The Blues initial trip to Ewood Park was abandoned towards the final stages due to a waterlogged pitch, forcing the game to be replayed in full in December, ending 1-1.

Town were then due to head to Pompey in January, but a frozen pitch at Fratton Park saw that game postponed. The rearranged fixture, set for early February, met the same fate due to excessive rainfall.

Revealing the financial toll it has taken on Ipswich, Ashton has pushed for pitch regulations to be introduced by the EFL, forcing clubs to invest a certain amount into their playing surface every year.

“You’d love to be able to tell the fans everything that you’re doing,” he told BBC Radio Suffolk. “We made a representation to the EFL’s board directly after the Blackburn postponement.

The Blues saw their first trip to Ewood Park abandoned due to a waterlogged pitch (Image: Ross Halls)

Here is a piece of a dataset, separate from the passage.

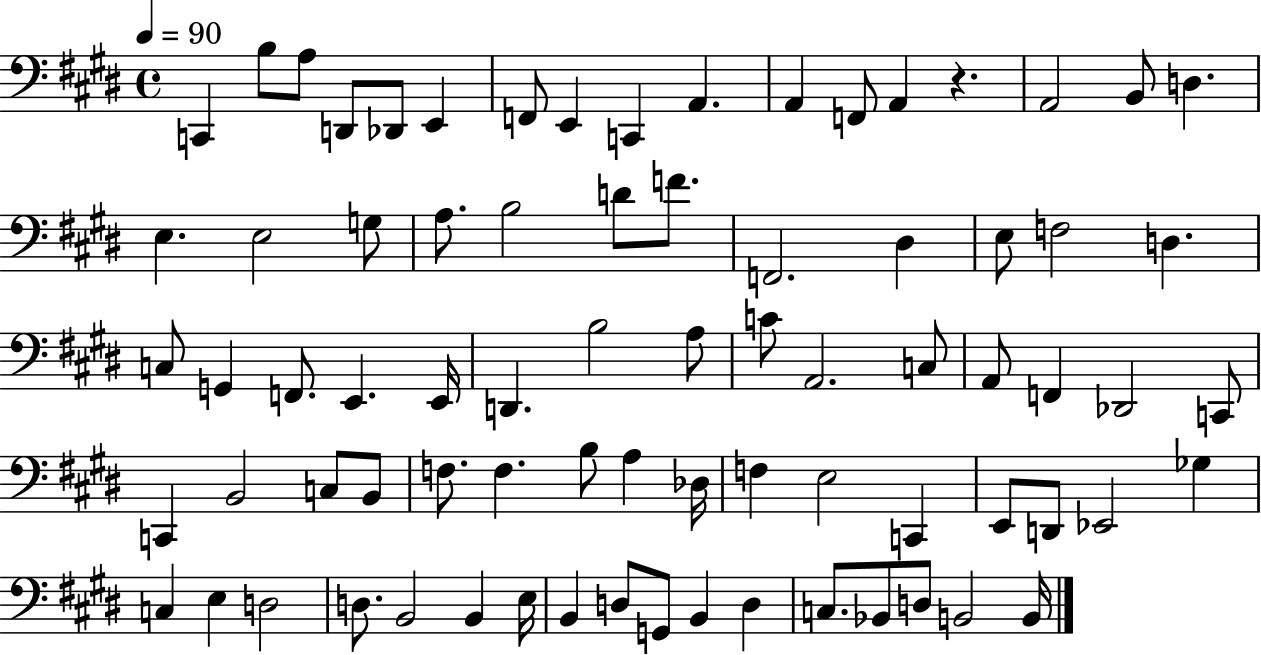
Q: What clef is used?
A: bass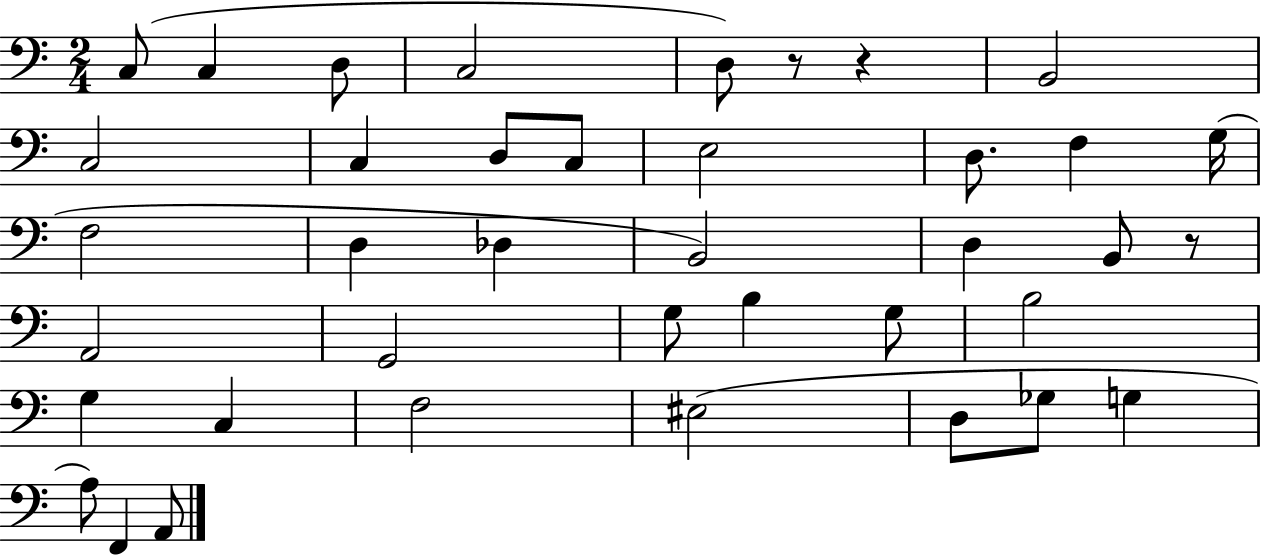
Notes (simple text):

C3/e C3/q D3/e C3/h D3/e R/e R/q B2/h C3/h C3/q D3/e C3/e E3/h D3/e. F3/q G3/s F3/h D3/q Db3/q B2/h D3/q B2/e R/e A2/h G2/h G3/e B3/q G3/e B3/h G3/q C3/q F3/h EIS3/h D3/e Gb3/e G3/q A3/e F2/q A2/e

“I think this needs to be regulated. We regulate the floodlights, we regulate so many things within our stadium. But the key element, which is the pitch, isn’t regulated.

“You have clubs that haven’t invested in the pitch in decades. You have clubs like us or Watford, Coventry and Bristol City who invest heavily in the pitch. You have some clubs who have dual sports on the pitch.

“I think we need independent advisors who can take control of this. We had a full EFL conference with 72 clubs last week and this was raised as an agenda item. It’s now something that’s on the Football League’s agenda.

“The madness of this is, in the three fixtures you’ve just talked about, that’s cost the football club hundreds of thousands of pounds. We’ve got no recalls to get that back.

“Those hundreds of thousands of pounds also sit against our Financial Fair Play [FFP] position, so that’s money we can’t spend on players. It’s utter madness.

“It needs to be regulated. I think chief executives need to be protected, because at some point, a chief executive will go to the owner and say, ‘look, we need to invest half a million on the pitch’, to be told to spend it on the players.

“The reason it has to be regulated is to enforce specific minimum standards, minimum investment on an annual basis on the pitch. I think you’ll see that come.”